### Data supplied

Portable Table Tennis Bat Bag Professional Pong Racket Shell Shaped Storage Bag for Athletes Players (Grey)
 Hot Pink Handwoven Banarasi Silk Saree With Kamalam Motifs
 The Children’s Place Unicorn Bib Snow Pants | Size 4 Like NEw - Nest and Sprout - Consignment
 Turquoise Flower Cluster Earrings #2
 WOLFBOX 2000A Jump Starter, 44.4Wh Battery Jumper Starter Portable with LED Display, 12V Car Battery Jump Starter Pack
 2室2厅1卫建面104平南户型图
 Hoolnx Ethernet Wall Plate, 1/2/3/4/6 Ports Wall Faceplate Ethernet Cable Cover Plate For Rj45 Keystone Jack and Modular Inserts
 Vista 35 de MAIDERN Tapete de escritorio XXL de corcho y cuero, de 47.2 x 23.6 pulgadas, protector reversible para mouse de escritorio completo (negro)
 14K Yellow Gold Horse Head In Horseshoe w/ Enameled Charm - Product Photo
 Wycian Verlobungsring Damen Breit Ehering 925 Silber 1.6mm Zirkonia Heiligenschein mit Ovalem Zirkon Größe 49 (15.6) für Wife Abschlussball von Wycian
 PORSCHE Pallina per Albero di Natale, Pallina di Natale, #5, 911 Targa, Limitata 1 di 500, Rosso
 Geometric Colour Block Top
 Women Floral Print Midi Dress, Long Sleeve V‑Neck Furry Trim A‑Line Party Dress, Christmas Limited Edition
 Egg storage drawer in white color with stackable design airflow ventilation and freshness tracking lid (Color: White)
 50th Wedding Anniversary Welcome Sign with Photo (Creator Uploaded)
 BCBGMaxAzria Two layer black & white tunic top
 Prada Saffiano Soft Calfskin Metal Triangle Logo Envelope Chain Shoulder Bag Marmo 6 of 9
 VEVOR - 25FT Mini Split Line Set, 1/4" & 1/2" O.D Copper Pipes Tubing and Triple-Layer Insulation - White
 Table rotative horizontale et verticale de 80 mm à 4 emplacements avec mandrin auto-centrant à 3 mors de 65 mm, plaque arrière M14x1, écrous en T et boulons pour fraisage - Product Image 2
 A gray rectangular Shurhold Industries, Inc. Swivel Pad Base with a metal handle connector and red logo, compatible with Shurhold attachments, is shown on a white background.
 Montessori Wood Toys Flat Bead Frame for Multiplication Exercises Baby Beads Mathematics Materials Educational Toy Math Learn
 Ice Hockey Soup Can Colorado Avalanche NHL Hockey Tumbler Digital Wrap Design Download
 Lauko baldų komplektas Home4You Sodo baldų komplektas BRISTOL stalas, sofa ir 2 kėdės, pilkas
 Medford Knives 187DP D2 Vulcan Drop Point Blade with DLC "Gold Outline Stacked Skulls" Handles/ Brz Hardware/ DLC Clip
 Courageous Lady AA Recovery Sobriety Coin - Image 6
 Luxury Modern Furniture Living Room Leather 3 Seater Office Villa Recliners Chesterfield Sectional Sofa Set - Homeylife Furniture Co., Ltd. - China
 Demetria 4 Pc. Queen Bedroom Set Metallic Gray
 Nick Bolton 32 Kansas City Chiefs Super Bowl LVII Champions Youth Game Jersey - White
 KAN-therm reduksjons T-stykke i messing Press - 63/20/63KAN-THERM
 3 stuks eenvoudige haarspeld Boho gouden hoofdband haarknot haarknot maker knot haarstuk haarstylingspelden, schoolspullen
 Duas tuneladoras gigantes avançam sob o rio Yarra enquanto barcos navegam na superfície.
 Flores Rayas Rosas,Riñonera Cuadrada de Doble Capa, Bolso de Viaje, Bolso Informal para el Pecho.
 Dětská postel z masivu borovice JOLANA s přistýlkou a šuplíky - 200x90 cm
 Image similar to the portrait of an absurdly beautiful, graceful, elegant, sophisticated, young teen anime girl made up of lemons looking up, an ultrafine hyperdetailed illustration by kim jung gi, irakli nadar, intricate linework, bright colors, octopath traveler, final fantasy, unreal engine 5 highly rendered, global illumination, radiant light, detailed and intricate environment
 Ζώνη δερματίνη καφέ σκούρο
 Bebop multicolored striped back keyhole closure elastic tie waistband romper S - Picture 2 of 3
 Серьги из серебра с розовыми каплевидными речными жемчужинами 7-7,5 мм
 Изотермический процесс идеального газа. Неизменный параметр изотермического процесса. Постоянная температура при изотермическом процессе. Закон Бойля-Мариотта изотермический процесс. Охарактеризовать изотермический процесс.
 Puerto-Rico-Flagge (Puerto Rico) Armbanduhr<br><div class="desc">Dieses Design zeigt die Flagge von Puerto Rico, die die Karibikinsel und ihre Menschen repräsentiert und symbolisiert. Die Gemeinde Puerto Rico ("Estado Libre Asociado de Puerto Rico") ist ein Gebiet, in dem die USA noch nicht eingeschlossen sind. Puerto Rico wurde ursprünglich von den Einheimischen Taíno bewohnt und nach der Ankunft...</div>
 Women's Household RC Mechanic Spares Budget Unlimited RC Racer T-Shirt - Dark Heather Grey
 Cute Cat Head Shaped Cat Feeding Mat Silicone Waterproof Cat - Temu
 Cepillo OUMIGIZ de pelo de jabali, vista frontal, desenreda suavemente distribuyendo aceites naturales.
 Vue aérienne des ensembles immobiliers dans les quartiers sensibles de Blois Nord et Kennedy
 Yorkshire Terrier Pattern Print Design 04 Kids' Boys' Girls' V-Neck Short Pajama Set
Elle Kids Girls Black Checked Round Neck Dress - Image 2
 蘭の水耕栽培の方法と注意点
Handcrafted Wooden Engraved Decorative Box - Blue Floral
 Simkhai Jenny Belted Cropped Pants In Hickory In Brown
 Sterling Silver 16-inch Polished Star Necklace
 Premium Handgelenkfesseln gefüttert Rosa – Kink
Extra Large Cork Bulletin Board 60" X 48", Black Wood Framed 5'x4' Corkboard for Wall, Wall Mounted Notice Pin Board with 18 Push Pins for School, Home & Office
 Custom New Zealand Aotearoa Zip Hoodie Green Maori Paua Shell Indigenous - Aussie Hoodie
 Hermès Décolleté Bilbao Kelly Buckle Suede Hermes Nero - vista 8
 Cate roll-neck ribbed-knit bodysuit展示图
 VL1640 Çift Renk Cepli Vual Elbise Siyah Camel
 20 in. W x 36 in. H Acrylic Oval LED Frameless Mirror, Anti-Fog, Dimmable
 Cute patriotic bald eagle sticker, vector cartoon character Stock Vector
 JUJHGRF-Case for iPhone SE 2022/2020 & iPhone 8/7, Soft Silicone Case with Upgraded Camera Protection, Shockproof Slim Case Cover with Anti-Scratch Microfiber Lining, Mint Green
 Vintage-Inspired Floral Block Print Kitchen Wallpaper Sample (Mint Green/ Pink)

### Problem
Please give an exact copy of the entries above, from the line with "VEVOR - 25FT" down to the line with "Dětská postel z", inclusive, and nothing else.

### Solution below
 VEVOR - 25FT Mini Split Line Set, 1/4" & 1/2" O.D Copper Pipes Tubing and Triple-Layer Insulation - White
 Table rotative horizontale et verticale de 80 mm à 4 emplacements avec mandrin auto-centrant à 3 mors de 65 mm, plaque arrière M14x1, écrous en T et boulons pour fraisage - Product Image 2
 A gray rectangular Shurhold Industries, Inc. Swivel Pad Base with a metal handle connector and red logo, compatible with Shurhold attachments, is shown on a white background.
 Montessori Wood Toys Flat Bead Frame for Multiplication Exercises Baby Beads Mathematics Materials Educational Toy Math Learn
 Ice Hockey Soup Can Colorado Avalanche NHL Hockey Tumbler Digital Wrap Design Download
 Lauko baldų komplektas Home4You Sodo baldų komplektas BRISTOL stalas, sofa ir 2 kėdės, pilkas
 Medford Knives 187DP D2 Vulcan Drop Point Blade with DLC "Gold Outline Stacked Skulls" Handles/ Brz Hardware/ DLC Clip
 Courageous Lady AA Recovery Sobriety Coin - Image 6
 Luxury Modern Furniture Living Room Leather 3 Seater Office Villa Recliners Chesterfield Sectional Sofa Set - Homeylife Furniture Co., Ltd. - China
 Demetria 4 Pc. Queen Bedroom Set Metallic Gray
 Nick Bolton 32 Kansas City Chiefs Super Bowl LVII Champions Youth Game Jersey - White
 KAN-therm reduksjons T-stykke i messing Press - 63/20/63KAN-THERM
 3 stuks eenvoudige haarspeld Boho gouden hoofdband haarknot haarknot maker knot haarstuk haarstylingspelden, schoolspullen
 Duas tuneladoras gigantes avançam sob o rio Yarra enquanto barcos navegam na superfície.
 Flores Rayas Rosas,Riñonera Cuadrada de Doble Capa, Bolso de Viaje, Bolso Informal para el Pecho.
 Dětská postel z masivu borovice JOLANA s přistýlkou a šuplíky - 200x90 cm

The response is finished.